What the task requires -
Find every line in the records below that holds the word "natural" and copy it.

Data shown -
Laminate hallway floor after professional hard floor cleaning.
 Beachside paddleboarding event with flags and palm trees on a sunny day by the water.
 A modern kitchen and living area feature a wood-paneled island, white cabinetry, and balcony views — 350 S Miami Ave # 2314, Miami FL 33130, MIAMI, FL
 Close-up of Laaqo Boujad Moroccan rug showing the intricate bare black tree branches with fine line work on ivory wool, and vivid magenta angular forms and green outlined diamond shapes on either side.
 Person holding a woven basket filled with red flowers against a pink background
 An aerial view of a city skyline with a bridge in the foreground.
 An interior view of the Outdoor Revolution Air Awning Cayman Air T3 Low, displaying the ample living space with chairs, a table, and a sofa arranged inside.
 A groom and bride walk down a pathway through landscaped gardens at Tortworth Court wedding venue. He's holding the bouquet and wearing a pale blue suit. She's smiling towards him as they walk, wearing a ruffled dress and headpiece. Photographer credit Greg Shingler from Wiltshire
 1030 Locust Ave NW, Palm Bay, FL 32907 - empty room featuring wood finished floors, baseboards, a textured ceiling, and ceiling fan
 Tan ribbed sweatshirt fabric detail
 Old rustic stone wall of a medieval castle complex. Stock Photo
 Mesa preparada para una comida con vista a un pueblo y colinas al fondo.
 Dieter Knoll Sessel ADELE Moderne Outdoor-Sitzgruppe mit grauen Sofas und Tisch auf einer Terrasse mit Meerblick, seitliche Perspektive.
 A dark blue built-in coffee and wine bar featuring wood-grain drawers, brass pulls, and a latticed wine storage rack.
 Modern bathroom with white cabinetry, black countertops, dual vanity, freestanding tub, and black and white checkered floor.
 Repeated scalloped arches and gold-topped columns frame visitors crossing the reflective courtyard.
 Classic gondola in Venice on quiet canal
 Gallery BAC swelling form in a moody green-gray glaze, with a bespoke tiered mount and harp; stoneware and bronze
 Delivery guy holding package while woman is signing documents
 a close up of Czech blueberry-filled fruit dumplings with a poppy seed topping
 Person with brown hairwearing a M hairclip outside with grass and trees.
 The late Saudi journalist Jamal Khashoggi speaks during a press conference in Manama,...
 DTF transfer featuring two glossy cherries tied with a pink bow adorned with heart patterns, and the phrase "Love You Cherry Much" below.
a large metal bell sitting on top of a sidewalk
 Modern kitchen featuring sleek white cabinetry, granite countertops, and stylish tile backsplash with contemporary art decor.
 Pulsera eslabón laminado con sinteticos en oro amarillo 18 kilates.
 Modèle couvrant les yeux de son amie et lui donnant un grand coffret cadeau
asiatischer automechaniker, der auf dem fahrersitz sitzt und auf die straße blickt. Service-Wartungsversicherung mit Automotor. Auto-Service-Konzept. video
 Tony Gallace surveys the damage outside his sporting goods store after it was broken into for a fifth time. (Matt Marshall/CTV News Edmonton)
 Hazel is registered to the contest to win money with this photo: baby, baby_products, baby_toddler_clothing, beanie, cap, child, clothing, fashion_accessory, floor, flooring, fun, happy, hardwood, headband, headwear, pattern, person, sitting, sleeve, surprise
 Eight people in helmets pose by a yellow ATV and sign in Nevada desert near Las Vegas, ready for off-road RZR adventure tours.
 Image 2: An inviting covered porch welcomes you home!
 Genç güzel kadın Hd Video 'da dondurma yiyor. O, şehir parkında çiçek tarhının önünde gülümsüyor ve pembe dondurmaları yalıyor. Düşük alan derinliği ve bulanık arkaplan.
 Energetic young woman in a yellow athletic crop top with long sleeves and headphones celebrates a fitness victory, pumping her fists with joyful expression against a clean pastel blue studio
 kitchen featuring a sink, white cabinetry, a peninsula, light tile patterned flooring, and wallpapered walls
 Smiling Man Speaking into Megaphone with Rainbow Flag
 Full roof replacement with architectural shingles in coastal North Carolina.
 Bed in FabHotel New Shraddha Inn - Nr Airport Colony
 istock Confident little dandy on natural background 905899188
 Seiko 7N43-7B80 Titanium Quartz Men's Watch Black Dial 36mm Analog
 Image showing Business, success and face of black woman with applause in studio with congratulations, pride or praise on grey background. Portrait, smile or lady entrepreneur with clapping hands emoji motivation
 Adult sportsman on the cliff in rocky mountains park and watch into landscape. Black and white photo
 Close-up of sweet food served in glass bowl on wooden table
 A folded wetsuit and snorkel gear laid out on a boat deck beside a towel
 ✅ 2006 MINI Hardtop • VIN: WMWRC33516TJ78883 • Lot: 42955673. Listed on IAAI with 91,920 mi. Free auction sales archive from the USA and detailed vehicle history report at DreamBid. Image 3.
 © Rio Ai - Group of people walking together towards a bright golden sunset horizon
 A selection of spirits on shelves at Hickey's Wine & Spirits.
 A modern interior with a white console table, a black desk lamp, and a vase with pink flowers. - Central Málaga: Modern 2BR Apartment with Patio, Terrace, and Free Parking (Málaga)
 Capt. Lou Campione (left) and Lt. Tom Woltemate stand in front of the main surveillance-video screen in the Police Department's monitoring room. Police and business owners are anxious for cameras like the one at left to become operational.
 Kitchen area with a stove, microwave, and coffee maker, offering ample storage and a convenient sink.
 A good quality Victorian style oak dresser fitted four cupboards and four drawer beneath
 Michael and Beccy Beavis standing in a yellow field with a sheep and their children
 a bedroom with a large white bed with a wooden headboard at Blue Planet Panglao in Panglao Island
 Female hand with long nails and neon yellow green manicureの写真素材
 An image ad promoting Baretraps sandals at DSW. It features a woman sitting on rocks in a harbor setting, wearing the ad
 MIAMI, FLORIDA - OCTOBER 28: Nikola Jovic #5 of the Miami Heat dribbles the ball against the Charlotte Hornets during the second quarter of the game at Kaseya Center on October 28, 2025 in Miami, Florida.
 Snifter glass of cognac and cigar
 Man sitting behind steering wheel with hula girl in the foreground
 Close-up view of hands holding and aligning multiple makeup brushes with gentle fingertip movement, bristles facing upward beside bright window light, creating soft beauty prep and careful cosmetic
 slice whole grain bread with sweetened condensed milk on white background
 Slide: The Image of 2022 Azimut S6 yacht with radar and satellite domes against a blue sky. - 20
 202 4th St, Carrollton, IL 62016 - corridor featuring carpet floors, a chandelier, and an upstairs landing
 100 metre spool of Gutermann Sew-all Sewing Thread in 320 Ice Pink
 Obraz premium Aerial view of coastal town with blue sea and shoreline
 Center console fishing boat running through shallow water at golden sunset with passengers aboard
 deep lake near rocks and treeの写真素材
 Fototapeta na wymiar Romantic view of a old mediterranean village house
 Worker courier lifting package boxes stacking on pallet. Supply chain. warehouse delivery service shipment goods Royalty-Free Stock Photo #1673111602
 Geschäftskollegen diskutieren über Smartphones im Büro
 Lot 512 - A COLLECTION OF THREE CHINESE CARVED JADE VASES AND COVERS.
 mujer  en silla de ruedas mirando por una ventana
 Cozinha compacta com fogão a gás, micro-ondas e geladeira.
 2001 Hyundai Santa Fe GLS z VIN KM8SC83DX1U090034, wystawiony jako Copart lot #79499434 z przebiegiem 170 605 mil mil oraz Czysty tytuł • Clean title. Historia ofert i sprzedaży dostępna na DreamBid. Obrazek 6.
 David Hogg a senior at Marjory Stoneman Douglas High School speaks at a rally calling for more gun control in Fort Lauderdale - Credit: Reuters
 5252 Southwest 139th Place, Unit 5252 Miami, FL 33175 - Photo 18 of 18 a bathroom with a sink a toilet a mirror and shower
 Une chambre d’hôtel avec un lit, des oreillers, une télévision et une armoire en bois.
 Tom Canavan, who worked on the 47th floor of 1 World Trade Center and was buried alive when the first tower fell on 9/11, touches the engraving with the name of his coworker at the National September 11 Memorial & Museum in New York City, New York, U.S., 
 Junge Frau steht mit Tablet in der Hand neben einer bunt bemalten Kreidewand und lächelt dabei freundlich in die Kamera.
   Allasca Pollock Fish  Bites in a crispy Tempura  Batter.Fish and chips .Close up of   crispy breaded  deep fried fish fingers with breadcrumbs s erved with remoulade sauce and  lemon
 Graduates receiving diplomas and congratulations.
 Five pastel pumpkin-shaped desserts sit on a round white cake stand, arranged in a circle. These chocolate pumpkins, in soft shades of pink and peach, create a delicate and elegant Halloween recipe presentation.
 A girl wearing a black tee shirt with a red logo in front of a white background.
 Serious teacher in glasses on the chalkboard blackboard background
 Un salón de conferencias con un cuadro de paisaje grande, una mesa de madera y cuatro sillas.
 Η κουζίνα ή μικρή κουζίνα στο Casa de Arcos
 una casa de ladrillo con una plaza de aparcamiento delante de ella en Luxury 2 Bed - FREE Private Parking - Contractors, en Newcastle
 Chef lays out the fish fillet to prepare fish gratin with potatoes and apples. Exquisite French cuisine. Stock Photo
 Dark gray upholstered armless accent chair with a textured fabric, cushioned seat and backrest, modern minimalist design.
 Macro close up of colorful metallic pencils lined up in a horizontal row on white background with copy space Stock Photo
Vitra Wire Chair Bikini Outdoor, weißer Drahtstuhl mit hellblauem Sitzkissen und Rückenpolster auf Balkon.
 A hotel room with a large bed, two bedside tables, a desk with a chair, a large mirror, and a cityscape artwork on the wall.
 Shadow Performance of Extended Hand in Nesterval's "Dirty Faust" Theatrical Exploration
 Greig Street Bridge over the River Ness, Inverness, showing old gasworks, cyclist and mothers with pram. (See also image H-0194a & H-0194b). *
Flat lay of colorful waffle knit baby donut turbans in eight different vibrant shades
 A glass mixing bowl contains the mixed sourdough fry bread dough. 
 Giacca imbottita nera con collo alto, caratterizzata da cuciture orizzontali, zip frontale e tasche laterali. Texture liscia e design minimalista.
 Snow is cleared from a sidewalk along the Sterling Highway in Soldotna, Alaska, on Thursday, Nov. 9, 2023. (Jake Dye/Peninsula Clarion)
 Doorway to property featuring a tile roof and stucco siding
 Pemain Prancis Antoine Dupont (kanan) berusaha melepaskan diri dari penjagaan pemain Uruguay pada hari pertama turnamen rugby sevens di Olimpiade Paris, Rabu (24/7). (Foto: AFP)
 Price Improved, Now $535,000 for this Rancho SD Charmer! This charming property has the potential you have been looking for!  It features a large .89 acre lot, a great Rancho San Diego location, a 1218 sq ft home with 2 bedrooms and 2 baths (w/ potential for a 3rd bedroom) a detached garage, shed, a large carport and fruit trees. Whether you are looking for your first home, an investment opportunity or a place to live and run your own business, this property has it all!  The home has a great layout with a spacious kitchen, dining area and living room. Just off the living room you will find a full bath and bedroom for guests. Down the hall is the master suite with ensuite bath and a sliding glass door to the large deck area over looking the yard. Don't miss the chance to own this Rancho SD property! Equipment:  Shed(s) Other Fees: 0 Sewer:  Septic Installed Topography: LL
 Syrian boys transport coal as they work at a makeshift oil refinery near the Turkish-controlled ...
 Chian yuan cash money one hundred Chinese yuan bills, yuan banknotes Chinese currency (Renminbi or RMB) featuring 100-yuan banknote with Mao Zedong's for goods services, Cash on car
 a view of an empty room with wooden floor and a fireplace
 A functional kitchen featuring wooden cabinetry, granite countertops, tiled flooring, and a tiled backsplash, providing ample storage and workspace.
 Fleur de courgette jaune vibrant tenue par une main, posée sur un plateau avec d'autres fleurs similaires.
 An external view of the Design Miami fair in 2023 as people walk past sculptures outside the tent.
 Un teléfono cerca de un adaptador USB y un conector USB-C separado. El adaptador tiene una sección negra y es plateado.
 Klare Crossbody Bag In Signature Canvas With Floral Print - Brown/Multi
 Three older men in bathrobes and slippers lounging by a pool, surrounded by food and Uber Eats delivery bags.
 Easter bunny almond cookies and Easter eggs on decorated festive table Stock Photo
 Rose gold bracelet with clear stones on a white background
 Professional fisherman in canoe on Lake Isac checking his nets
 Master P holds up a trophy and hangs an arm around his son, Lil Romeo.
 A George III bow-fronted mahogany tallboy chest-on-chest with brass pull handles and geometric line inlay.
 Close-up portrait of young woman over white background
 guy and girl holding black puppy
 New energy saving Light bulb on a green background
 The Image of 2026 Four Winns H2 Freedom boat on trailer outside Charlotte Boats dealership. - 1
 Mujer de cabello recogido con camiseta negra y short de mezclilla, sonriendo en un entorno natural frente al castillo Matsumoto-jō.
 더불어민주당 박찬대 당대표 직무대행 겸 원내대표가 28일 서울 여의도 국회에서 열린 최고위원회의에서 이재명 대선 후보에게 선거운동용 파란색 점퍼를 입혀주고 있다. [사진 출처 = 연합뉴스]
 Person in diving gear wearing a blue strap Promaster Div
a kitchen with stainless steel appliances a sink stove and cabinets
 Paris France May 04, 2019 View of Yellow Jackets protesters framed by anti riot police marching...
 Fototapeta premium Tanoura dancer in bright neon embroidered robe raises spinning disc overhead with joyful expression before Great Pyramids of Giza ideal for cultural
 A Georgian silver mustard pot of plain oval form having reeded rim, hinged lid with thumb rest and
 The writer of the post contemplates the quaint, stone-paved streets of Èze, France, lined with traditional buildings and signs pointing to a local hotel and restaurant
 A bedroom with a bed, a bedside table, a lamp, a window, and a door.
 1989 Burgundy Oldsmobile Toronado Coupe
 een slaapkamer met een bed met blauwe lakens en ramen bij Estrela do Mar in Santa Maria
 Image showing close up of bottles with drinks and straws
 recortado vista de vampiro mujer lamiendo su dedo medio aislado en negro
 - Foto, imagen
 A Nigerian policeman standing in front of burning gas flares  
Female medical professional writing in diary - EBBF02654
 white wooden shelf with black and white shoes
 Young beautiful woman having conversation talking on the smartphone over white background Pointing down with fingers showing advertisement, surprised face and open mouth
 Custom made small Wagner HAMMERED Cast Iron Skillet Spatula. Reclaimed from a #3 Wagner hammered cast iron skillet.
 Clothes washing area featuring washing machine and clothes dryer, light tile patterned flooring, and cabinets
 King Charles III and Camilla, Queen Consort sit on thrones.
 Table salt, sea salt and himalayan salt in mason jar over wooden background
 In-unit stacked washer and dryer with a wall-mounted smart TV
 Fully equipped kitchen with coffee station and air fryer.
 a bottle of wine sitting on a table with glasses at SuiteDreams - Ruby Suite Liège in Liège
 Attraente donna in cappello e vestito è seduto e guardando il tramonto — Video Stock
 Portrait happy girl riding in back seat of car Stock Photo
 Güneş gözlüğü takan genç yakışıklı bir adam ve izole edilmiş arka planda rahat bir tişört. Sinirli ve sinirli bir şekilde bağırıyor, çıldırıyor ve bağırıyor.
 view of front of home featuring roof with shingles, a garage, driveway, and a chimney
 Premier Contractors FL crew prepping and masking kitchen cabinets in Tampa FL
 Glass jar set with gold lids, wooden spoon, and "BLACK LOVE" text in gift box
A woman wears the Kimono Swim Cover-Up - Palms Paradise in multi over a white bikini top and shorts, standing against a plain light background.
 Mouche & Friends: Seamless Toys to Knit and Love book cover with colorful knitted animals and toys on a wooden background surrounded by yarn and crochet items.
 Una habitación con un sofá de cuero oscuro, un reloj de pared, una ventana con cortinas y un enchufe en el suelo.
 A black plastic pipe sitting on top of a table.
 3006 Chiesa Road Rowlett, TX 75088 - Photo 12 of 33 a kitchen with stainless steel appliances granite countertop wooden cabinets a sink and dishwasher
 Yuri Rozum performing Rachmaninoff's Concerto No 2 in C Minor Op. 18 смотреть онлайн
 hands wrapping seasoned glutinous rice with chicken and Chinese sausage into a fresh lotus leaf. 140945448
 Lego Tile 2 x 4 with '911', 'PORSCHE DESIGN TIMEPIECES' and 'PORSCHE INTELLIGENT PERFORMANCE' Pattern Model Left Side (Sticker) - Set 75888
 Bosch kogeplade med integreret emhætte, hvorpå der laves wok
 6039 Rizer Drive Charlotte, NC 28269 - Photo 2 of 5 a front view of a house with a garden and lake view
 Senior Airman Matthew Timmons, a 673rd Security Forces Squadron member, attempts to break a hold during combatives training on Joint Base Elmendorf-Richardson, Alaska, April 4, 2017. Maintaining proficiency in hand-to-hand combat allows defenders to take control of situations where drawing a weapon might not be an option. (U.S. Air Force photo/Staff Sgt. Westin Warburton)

Answer for this exercise -
 istock Confident little dandy on natural background 905899188
 Mujer de cabello recogido con camiseta negra y short de mezclilla, sonriendo en un entorno natural frente al castillo Matsumoto-jō.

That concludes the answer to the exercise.